Игрушечный клоун: психофизиология трюка

Оксана Штайн
Оксана Штайн
Александр Марков
Александр Марков
Клоун, сменивший пластинку

В 1895 году берлинский мастер Филип Фильметтер (Philip Vielmetter) создал необычную игрушку — заводного клоуна, который мог рисовать благодаря сменным дискам 1. Он предпочитал портреты, например королевы Виктории, осенившей весь мир своим долгожительством. Очевидно, что немецкая машинка создавала узнаваемые символы эпохи — нельзя назвать этого клоуна карикатуристом, но нельзя и реалистом. Просто в эпоху фонографов и накануне того дня, когда Луи и Огюст Люмьер покажут свои движущиеся картинки в Париже на бульваре Капуцинок, был создан как бы предварительный киножурнал. Завсегдатаи берлинских магазинов, которые завороженно смотрели на игрушечного клоуна, так же будут через несколько лет, открыв рот, смотреть киножурналы, являющие кайзера перед публикой. Игрушка была космополитичнее кинематографа — всё же киножурнал отличает мировые новости от новостей страны, — а клоун, не имеющий своего родного языка, рисует просто всё, что узнается как новость.

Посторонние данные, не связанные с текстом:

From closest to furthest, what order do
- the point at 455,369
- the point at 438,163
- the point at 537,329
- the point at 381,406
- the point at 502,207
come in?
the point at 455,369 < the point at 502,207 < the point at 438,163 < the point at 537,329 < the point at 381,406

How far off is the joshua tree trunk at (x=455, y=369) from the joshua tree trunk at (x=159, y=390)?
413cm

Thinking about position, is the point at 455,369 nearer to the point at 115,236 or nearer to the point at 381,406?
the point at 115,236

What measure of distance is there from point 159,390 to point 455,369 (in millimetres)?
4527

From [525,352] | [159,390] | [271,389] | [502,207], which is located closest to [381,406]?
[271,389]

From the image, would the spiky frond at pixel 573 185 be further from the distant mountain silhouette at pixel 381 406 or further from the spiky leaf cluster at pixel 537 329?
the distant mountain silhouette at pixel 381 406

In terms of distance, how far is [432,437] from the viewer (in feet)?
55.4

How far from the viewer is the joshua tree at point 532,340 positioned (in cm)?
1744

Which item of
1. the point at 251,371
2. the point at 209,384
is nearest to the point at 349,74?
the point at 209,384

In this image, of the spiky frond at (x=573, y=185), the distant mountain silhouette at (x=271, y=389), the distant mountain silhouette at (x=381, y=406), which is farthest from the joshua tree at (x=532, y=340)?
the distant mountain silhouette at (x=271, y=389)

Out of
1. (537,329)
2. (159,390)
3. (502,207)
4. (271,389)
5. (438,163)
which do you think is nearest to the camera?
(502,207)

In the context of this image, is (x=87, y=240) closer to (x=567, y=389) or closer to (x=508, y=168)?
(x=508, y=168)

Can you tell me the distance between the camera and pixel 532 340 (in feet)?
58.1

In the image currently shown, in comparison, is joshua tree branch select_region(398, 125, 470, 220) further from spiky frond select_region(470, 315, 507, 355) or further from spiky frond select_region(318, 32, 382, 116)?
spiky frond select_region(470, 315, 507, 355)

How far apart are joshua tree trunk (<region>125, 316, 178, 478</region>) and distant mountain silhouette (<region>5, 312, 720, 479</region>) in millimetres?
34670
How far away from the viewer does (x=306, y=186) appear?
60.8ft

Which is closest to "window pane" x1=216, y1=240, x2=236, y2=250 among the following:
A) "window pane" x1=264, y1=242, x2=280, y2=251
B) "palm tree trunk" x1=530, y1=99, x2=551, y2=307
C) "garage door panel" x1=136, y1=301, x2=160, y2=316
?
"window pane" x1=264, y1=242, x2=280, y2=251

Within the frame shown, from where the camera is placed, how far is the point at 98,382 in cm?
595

Механически этот клоун устроен интересно: им управляет диск с плавными изгибами, направляющими движение руки по плоскости. Понятно, что нажима и тем более теней в этом рисунке не могло быть. В этом смысле искусство заводного клоуна соответствует фиксированной камере в первые годы существования кинематографа, до павильонной съемки и комбинирования декораций: камера просто запечатлевает картину происходящего, принимает ее в фокус внимания.

За начальным устройством клоуна Фильметтера, как и кинематографа Люмьеров, стояла позитивистская физиология, мыслившая физическую деятельность как накопление и отдачу энергии. Нервы должны были проводить импульсы, регулирующие нашу мышечную деятельность, не позволяющие нам перенапрячься. Тем самым диск заменяет клоуну не мозг, а нервную систему: мозга у заводного клоуна не запланировано. Эта нервная система направляет руку так, что она не устает, при этом совершает опознаваемое действие: создает портрет британской королевы. Это действие мы признаем законным и тем самым убеждаемся в том, что нервная деятельность клоуна оправдана. В конце XIX века, очень нервическую и истерическую эпоху, клоун чаровал своим спокойствием.

Такая модель нервной деятельности подразумевала, что можно сделать более устойчивой связь между нервной и мышечной деятельностью: этому и были посвящены физиологические лабораторные опыты Германа фон Гельмгольца и его ученика Вильгельма фон Вундта. Предпосылкой этих опытов, о которых можно говорить долго, особенно об использовании в них приборов для фиксации реакций, было представление о различии режимов нервной и мышечной деятельности.

Нервная деятельность ассоциативна: например, мы видим свет, ассоциируем его с солнцем и тянемся к нему. Уже потом Иван Павлов сведет ассоциативность к рефлексу; а для Гельмгольца и Вундта всё происходило в мире идей — нервная деятельность вписывает один образ в другой образ, и благодаря этому становится возможна реакция — совсем как «вхождение в образ» в системе Станиславского.

В свою очередь, мышечное движение понималось как непосредственный отзыв на внешний мир, которому нервная деятельность иногда помогает, а иногда мешает. Поэтому для Гельмгольца и последующих физиологов развитие мышления — развитие мышечного участия. Мы мыслим отчасти мышцами — улыбаемся, качаем головой, потягиваемся телом, пританцовываем, — даже когда мыслим про себя. Необходимо, чтобы это мышление мышцами и стало предметным, было направлено, например, на производство новых вещей. Тогда удастся увеличить производительность труда — и проекты биомеханики Мейерхольда или научной организации труда Гастева2, конечно, восходят к этой экспериментальной физиологии.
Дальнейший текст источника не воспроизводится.